Daily Capesize Review 11/3/21

Capesize freight rates retreated from recent rally, as trade participants took a breather from the bullish market outlook.

The Capesize 5 time charter average then went down by $536 day-on-day to $17,353 on Thursday, after a choppy session.

The Baltic Dry Index (BDI) also dropped slightly by 0.51% or 10 points to 1,970 readings, amid softening freight rates.

 

Lower freight rates amid good shipping demand   

The market seemed to calm down after the recent rally, and ship operators began to stay at the sidelines as market sentiment cooled off in Brazil.

Trade participants expected April to be a better month for shipping off Brazil as the rainy season will be ended by then in allowing more iron ore exports, while the ballaster list is slated to be short during that month.

For the Pacific market, fixtures had thrived due to strong shipping demand, though there were some market concerns over the lengthy tonnage list near the end-March loading window which depressed freight rates.

 

Bunker prices rebound on better oil demand estimate

Bunker prices rebounded from previous day losses, as the price of VLSFO bounced up by $14/mt to $525/mt in the port of Singapore.

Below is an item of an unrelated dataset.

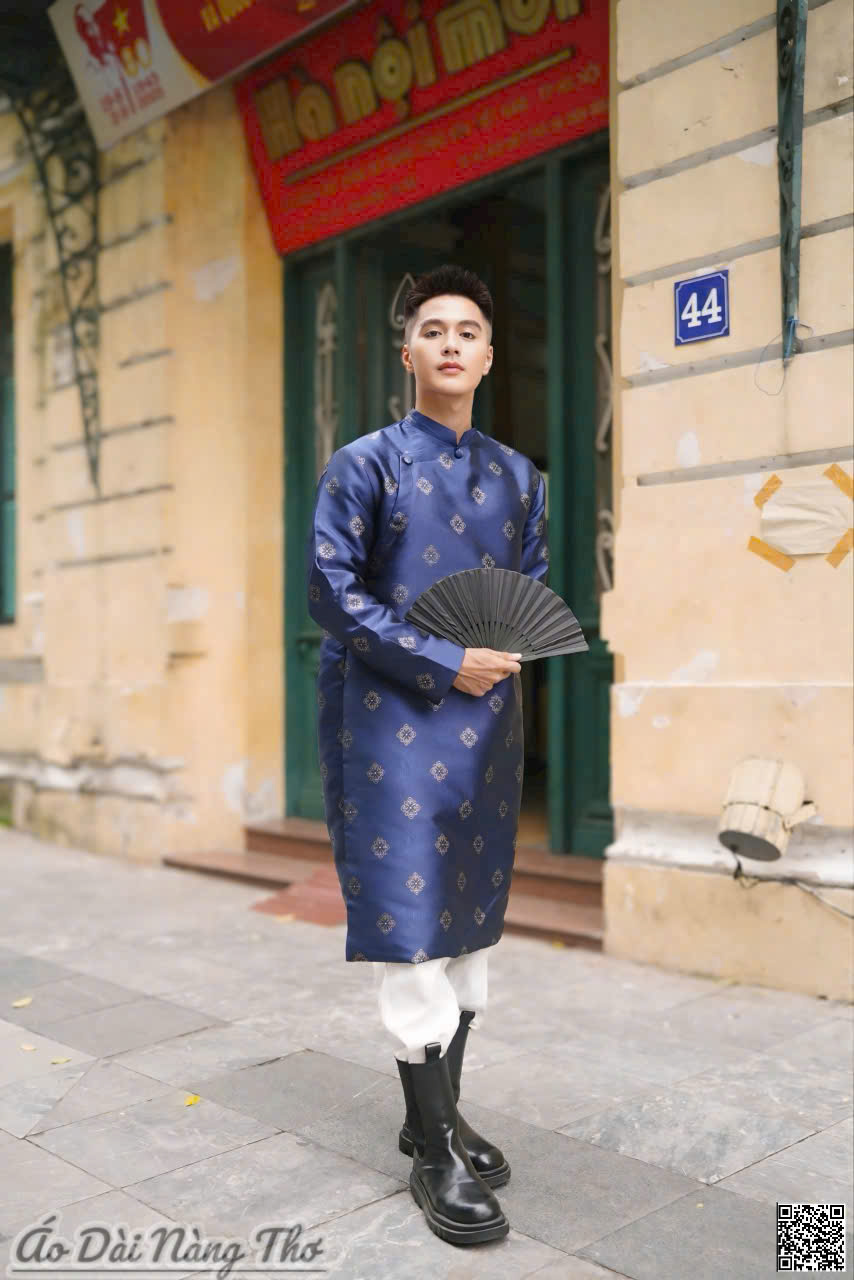 Áo Dài Nam Gấm Xanh Đen Họa Tiết Nhí Thanh Lịch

Strong crude prices had supported the rebounding bunker prices, as OPEC+ predicted that oil demand will rise by 5.89 million barrels per day (bpd) in 2021, up 6.5% from previous estimate.

Thus, the annual oil demand is expected to reach a total of 96.3 million bpd with most of the demand coming toward the second half of 2021, in view of easing of travel restriction, summer driving and economic recovery from the vaccine rollout.